The politicians might have thought of an GEMA-like index to store hashes of protected content in some form or another, which could be distributed to content certain providers, but this doesn't affect the law, which is much broader and not fulfillable. Thus Web 2.0 is dead.
If I would be Facebook I would rather ignore said new laws and go to court over it. The existing framework is good enough, the best way to handle copyright violations.
Even better still: there's a song which consists of 4 minutes and 33 seconds of silence. That's it - silence.
"Your latest video upload contains 5 seconds of stunned silence, which has been identified as an extract of 4'33". This extract is copyrighted. Your video has been deleted."

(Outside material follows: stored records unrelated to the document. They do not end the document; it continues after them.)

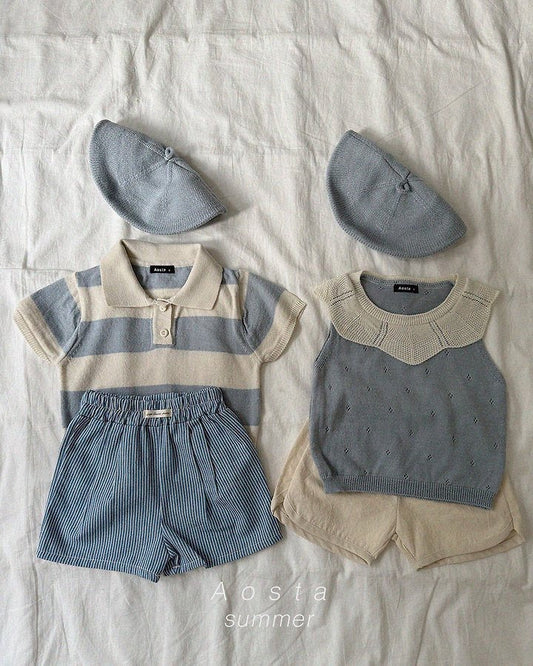 Aosta knit frill tee (~80-115cm)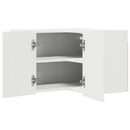 vidaXL Mosogatógép panel Kalmar Fehér 57 x 57 x 40 cm Faanyag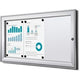 Lockable notice board showdown scs3xa4b1 silver aluminum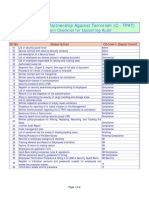 Document Checklist For C-TPAT Audit PDF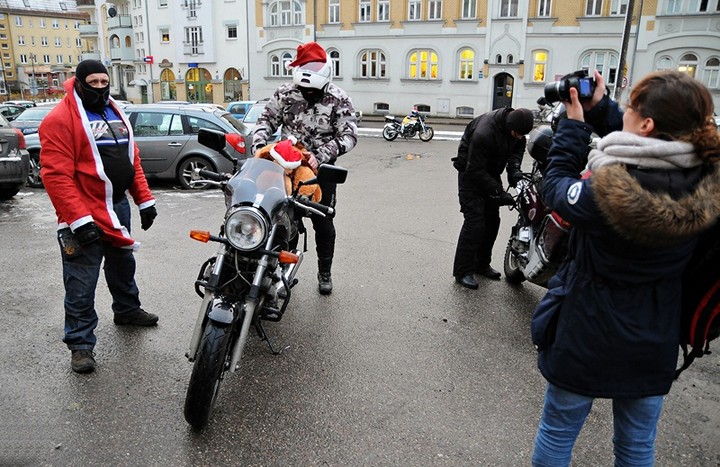 Motomikołaje u chorych dzieci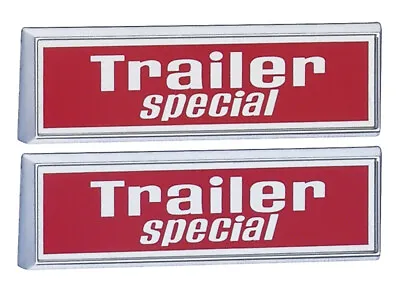 1973-79 F100 Fender Emblems Trailer Special LH-RH Pair F150 F250 F350 Ford New • $74.90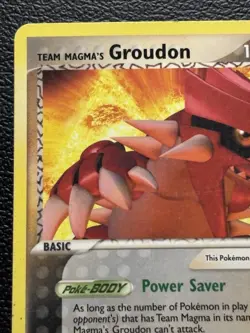 Pokemon TCG Team Magma's Groudon 9/95 Team Magma VS Team Aqua Non Holo Rare - MP - Image 3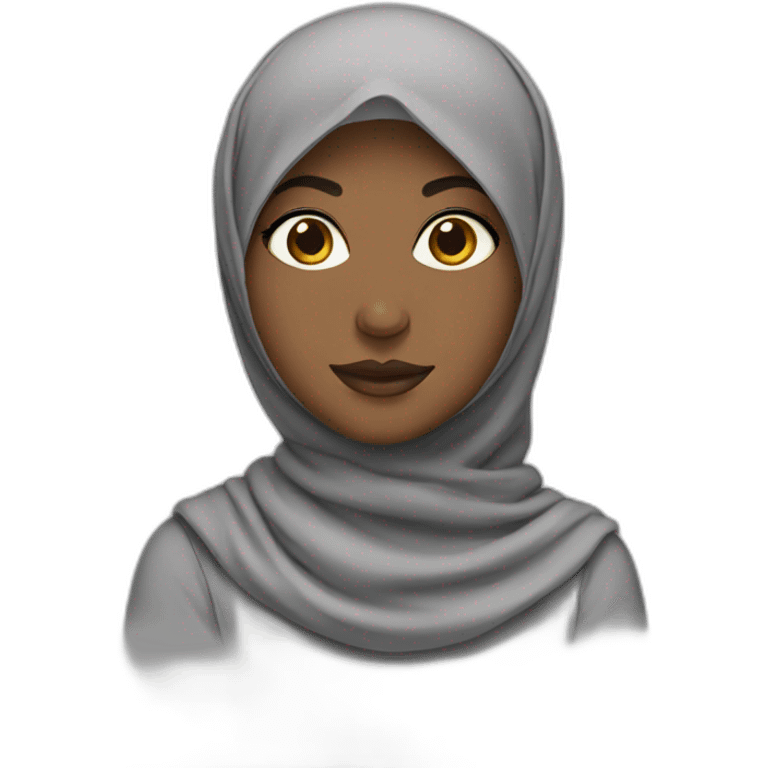 Hijab black emoji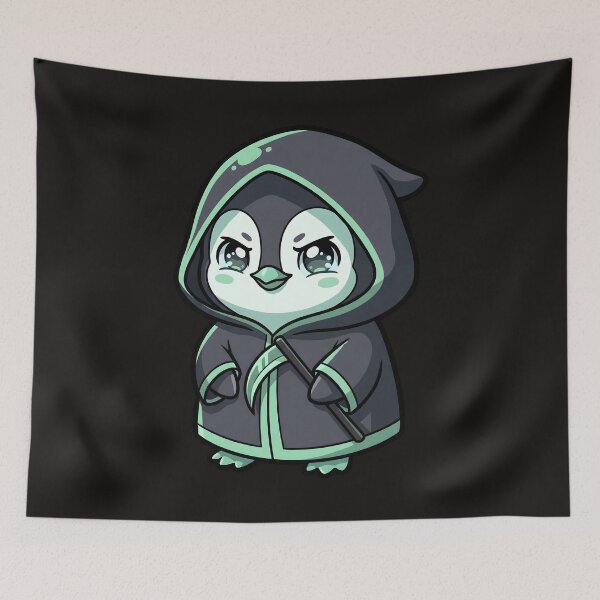 Item preview, Cute Grim Reaper Penguin designed and sold by AwesomeBeyondLimits.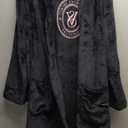 Victoria's Secret Short Cozy Robe, Robes for Women Medium-Large, Black)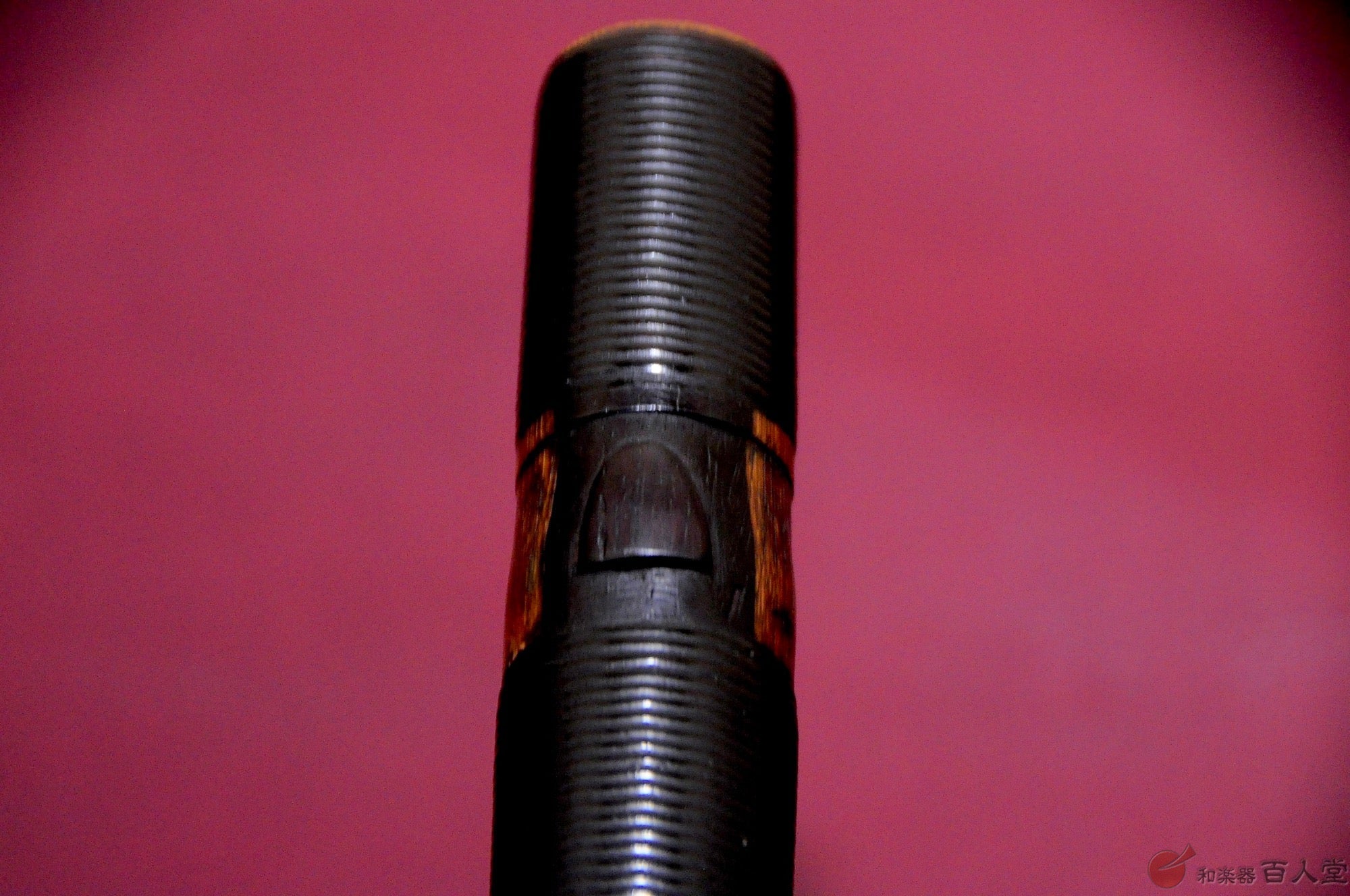 龍笛古管 煤竹櫻樺巻き - TC楽器 - TCGAKKI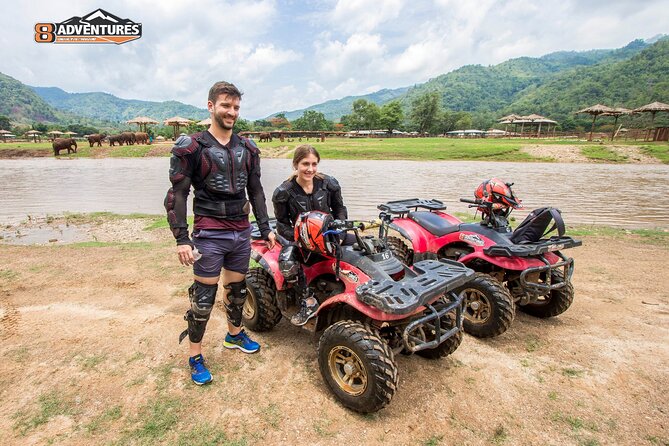 Inflatable Kayaking and ATV Adventure - Getting ready at the ATV base camp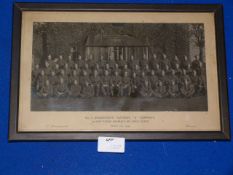 Framed Photo of Beverley Home Guard dated 1944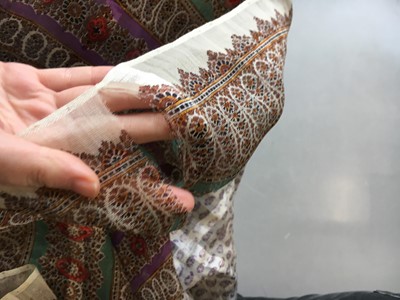 Lot 302 - Six silk/wool gauze summer shawls, 1850-60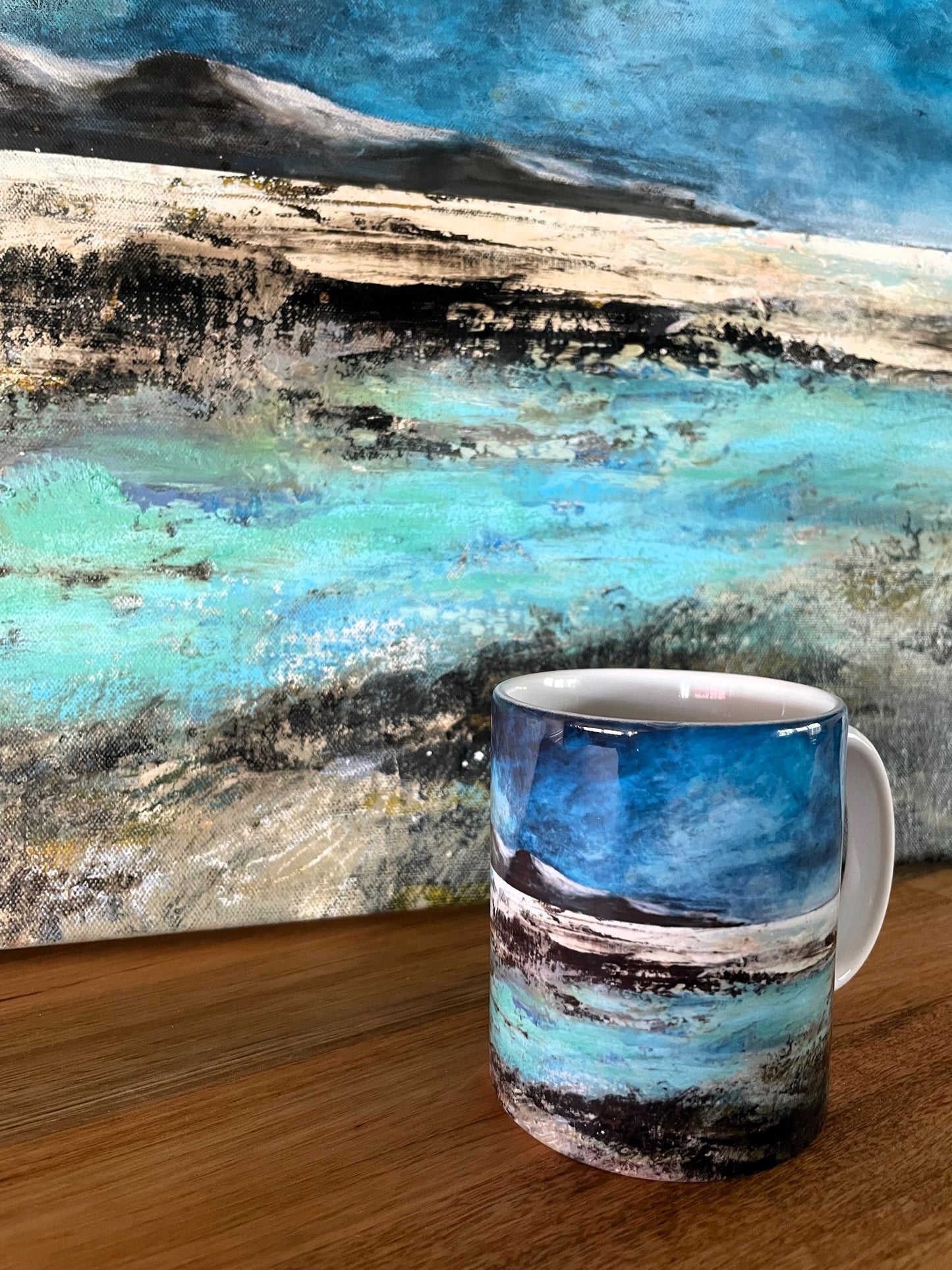 "Woorim Beach" Art Mug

Just having a urinal doesn't infringe on Duchamp's "Fountain", not even if it's the same model, only if it is presented as artwork does it become a copy of Duchamp's "work".
True, for 4'33'' there is a simple rule that they probably follow - ignore silence :). But for Fountain (if it ever came up) it's hard to imagine that the difference between a protected copy and a non-protected similar image could really be automatically discovered.
But the filter doesn't know about context, it just correlates two images... and you get "Comparison with copyrighted work 'Fountain', 75% match".
75% > 0%, so the filter says "non".
> decisions to disable access to or remove uploaded content shall be subject to human review
intended to handle those cases? I'm not saying that it will be adequate.
People on YouTube are creating content, lots of it. Will they still create it when some filter keeps blocking them?
If you want pirated stuff, just download torrents. They won't disappear with this new law.
The only thing that will appear are filters.
- use of unlicensed samples in music. Goodbye, Soundcloud rap and EDM music scenes!
- use of images and video clips in memes. Goodbye, Tumblr and Reddit!
Until Disney/Comcast/Weyland-Yutani decides that their own your original content. Or the content-id'ing algorithm generates a false positive. Just think a little bit about how all of this will be implemented.
Will they analyze each video if it is a illegal or legal one, checking everything... or just implement a simple, fast and cheap filter that will block most of the content, with no way to appeal the ruling, just like youtube is doing now...
That way they need to shamefully roll back this law, and we're sure they don't try to pull off such a farce in the (near) future.